§ Prompt: Somewhere below are a line with "Holiday Wreaths Stamps" and a later line with "[4] Nước Giặt". Output exactly those lines and all lines between them.

§ Record set:

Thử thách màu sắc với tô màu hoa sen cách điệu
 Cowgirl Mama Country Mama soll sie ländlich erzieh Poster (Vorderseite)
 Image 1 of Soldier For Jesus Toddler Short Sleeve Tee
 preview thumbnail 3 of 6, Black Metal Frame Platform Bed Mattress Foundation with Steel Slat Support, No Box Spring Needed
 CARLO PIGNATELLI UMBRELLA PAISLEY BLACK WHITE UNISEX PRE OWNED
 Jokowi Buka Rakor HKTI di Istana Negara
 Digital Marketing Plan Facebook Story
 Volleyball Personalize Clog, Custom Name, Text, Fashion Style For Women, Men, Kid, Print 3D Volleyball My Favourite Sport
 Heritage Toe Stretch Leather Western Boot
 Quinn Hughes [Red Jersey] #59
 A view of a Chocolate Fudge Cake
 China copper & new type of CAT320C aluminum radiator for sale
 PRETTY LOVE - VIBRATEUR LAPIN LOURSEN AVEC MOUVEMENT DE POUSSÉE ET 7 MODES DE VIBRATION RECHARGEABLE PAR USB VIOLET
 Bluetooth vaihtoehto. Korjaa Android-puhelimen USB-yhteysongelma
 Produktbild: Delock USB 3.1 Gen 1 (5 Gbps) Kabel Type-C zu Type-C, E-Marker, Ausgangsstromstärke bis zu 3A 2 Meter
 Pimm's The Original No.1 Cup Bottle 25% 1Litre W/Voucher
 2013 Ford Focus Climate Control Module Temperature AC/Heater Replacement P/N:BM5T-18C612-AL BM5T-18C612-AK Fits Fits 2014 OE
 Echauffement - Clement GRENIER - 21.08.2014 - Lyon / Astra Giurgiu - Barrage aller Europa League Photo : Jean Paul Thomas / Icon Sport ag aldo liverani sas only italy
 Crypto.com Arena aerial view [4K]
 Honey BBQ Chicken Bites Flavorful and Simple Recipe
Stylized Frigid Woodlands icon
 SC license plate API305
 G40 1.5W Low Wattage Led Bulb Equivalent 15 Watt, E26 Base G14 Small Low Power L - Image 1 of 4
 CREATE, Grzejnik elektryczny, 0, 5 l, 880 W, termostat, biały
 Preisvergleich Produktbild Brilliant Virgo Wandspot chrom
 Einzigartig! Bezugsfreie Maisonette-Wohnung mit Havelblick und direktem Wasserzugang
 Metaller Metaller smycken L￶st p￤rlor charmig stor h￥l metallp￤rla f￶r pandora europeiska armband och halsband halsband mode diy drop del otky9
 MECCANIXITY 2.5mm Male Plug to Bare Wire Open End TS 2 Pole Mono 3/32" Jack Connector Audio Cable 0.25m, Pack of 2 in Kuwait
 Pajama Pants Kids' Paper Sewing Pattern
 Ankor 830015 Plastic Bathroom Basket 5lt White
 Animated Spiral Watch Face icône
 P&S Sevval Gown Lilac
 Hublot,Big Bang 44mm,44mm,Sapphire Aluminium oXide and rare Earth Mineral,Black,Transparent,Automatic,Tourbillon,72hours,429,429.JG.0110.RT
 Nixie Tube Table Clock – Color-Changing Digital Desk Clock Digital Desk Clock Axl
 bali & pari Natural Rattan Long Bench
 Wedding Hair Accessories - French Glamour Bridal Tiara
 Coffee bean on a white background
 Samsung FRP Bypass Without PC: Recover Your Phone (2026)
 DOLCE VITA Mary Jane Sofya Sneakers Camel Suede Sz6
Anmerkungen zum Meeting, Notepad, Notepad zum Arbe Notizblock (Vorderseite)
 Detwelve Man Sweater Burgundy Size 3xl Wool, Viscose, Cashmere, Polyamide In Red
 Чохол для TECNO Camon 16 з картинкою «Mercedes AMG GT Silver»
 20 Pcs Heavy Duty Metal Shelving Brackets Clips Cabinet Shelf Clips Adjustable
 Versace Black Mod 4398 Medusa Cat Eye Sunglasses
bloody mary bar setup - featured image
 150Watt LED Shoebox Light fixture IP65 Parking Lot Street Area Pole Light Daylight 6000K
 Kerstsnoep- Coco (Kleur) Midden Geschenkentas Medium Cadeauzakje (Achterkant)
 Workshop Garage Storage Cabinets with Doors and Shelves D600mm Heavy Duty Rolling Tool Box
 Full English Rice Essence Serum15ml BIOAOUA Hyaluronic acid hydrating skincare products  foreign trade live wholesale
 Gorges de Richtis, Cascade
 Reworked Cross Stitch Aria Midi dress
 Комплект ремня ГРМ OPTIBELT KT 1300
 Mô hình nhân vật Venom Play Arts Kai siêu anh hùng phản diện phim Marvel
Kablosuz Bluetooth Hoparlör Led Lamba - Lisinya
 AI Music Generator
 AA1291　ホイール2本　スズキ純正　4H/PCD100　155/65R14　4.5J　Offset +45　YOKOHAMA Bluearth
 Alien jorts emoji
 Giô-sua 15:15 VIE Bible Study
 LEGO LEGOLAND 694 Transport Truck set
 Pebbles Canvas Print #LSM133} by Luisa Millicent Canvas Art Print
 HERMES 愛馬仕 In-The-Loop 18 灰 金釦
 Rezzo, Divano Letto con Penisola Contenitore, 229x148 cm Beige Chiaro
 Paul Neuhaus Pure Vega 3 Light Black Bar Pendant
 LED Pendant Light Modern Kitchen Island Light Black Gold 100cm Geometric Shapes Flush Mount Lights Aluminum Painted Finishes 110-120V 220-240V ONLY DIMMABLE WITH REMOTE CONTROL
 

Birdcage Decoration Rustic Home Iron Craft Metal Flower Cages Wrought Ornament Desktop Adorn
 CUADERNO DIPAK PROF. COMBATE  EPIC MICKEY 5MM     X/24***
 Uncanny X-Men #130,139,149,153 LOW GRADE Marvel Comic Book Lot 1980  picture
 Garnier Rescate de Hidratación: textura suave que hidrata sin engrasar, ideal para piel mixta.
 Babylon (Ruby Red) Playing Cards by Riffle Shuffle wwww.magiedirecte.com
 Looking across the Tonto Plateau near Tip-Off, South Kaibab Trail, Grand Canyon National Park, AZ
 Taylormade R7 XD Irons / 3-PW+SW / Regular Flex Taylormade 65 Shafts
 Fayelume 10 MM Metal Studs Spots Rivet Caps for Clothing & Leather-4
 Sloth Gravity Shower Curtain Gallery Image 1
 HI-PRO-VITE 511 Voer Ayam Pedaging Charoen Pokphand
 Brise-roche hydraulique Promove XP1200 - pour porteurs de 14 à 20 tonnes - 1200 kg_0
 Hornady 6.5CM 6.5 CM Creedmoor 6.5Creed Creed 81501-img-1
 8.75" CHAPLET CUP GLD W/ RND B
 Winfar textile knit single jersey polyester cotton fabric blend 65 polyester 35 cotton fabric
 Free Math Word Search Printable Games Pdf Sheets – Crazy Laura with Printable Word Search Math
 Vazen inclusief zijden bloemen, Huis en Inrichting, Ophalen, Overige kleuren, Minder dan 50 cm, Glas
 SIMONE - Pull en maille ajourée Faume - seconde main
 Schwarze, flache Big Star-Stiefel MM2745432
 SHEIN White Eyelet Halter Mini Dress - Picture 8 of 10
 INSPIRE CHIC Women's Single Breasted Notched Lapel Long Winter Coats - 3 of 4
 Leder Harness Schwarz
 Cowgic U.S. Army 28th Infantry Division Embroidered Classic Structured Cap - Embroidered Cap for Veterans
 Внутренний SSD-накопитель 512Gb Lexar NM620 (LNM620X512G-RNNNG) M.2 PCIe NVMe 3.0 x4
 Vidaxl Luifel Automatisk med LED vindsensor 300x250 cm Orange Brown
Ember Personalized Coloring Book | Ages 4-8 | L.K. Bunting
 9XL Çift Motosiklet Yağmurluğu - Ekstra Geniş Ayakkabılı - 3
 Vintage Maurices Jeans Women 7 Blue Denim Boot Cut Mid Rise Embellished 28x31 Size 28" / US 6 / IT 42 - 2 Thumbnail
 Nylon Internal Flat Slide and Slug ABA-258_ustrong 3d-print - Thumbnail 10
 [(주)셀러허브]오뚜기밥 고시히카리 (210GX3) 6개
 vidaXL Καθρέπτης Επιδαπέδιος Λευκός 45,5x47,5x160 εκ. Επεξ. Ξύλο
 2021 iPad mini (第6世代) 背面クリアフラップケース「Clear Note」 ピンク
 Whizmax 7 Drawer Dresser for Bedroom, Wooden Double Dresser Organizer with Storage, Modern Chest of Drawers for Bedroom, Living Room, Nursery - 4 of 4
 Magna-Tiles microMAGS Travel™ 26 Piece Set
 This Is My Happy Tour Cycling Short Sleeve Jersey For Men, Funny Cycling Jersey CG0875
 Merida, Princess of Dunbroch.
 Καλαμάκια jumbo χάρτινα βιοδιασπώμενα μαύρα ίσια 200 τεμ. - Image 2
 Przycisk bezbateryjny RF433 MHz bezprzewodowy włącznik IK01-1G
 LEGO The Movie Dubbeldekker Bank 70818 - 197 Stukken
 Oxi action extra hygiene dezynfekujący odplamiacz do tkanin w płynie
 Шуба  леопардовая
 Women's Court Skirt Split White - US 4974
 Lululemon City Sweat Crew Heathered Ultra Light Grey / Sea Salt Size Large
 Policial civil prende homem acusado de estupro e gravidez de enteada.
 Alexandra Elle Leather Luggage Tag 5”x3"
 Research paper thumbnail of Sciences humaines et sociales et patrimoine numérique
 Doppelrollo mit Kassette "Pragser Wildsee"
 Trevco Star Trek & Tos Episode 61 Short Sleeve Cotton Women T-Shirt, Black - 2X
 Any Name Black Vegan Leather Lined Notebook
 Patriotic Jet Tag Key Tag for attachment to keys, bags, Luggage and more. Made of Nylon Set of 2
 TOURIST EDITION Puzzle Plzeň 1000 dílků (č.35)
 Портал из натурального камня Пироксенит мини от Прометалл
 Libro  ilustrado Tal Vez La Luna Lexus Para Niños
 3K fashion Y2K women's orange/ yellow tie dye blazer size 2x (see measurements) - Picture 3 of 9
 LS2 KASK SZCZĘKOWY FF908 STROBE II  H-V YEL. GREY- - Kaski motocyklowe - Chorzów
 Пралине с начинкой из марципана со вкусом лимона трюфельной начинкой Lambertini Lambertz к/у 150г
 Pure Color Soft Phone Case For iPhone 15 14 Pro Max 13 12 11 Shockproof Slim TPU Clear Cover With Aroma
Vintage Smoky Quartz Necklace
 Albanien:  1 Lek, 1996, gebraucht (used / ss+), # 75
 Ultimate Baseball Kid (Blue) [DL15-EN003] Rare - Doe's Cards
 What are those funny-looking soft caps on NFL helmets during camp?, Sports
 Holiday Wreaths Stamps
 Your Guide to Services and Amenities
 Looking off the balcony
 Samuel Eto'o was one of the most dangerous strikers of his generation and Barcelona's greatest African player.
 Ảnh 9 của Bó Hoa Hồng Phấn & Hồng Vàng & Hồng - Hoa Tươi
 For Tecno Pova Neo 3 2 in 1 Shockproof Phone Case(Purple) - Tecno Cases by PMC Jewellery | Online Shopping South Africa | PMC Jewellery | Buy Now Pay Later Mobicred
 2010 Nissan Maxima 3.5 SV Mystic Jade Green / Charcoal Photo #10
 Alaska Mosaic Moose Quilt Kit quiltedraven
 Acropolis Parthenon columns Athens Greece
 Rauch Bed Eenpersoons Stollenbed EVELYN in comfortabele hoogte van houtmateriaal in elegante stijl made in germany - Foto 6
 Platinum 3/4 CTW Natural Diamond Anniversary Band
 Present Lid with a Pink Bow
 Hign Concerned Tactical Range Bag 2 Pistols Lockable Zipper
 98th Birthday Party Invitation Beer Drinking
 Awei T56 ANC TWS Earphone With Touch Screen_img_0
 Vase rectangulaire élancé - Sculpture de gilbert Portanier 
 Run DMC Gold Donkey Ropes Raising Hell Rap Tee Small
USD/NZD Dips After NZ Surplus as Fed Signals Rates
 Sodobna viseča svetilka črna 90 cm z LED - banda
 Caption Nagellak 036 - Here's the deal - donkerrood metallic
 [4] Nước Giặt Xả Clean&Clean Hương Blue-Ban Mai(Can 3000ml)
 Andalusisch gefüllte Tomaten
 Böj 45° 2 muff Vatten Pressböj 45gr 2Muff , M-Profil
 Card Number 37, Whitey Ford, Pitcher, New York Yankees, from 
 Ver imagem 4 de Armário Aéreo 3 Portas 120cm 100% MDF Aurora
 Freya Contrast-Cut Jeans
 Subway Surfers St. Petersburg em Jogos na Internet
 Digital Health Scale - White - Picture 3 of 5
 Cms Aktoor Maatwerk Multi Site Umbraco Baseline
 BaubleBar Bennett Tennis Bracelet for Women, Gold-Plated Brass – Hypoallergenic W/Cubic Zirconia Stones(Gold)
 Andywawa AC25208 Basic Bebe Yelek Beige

§ Answer section:
 Holiday Wreaths Stamps
 Your Guide to Services and Amenities
 Looking off the balcony
 Samuel Eto'o was one of the most dangerous strikers of his generation and Barcelona's greatest African player.
 Ảnh 9 của Bó Hoa Hồng Phấn & Hồng Vàng & Hồng - Hoa Tươi
 For Tecno Pova Neo 3 2 in 1 Shockproof Phone Case(Purple) - Tecno Cases by PMC Jewellery | Online Shopping South Africa | PMC Jewellery | Buy Now Pay Later Mobicred
 2010 Nissan Maxima 3.5 SV Mystic Jade Green / Charcoal Photo #10
 Alaska Mosaic Moose Quilt Kit quiltedraven
 Acropolis Parthenon columns Athens Greece
 Rauch Bed Eenpersoons Stollenbed EVELYN in comfortabele hoogte van houtmateriaal in elegante stijl made in germany - Foto 6
 Platinum 3/4 CTW Natural Diamond Anniversary Band
 Present Lid with a Pink Bow
 Hign Concerned Tactical Range Bag 2 Pistols Lockable Zipper
 98th Birthday Party Invitation Beer Drinking
 Awei T56 ANC TWS Earphone With Touch Screen_img_0
 Vase rectangulaire élancé - Sculpture de gilbert Portanier 
 Run DMC Gold Donkey Ropes Raising Hell Rap Tee Small
USD/NZD Dips After NZ Surplus as Fed Signals Rates
 Sodobna viseča svetilka črna 90 cm z LED - banda
 Caption Nagellak 036 - Here's the deal - donkerrood metallic
 [4] Nước Giặt Xả Clean&Clean Hương Blue-Ban Mai(Can 3000ml)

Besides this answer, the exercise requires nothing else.